### About this task
Your task is to find every line in the records that holds the string "Stainless" and copy it.
#### The data
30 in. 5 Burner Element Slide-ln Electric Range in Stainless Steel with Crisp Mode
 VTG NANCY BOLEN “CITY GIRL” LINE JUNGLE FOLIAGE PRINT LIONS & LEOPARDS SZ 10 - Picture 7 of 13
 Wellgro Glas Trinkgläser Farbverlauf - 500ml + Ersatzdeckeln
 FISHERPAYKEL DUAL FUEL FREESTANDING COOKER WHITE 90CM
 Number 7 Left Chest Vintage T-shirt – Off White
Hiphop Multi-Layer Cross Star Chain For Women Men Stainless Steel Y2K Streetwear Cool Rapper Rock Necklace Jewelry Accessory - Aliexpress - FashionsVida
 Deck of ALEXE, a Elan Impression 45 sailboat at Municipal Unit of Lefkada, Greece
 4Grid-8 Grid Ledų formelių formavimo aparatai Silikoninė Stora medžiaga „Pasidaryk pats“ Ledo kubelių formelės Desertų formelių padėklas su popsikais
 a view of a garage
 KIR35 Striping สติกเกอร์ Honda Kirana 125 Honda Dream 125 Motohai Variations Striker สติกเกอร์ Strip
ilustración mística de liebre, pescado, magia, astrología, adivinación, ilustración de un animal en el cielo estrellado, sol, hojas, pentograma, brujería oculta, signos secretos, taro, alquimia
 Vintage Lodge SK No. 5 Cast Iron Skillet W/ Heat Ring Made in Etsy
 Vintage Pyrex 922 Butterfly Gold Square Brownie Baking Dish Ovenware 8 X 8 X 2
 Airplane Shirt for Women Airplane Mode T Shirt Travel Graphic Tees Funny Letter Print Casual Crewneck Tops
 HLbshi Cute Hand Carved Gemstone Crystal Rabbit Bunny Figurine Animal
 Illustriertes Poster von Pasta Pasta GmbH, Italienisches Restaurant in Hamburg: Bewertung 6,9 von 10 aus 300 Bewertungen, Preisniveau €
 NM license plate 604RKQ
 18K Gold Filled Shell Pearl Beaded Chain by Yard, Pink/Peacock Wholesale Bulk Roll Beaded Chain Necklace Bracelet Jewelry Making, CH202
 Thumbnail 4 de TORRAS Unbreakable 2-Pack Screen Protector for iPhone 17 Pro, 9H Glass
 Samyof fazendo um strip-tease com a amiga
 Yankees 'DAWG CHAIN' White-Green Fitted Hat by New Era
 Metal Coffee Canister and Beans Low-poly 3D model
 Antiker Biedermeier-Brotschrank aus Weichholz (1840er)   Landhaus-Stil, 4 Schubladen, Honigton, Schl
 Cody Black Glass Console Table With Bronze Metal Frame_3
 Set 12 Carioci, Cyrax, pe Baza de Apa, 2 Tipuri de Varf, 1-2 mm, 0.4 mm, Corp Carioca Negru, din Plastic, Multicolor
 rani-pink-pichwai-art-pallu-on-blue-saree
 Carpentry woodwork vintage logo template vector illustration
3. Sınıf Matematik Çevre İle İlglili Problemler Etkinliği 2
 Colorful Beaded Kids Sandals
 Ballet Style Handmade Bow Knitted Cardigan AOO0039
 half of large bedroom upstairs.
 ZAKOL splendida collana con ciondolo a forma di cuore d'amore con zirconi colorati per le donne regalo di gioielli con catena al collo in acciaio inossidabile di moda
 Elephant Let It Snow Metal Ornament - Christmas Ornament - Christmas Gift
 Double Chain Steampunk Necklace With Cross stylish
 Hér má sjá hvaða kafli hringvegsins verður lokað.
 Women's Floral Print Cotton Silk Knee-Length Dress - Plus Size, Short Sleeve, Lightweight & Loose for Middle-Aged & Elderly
########
### Response area
30 in. 5 Burner Element Slide-ln Electric Range in Stainless Steel with Crisp Mode
Hiphop Multi-Layer Cross Star Chain For Women Men Stainless Steel Y2K Streetwear Cool Rapper Rock Necklace Jewelry Accessory - Aliexpress - FashionsVida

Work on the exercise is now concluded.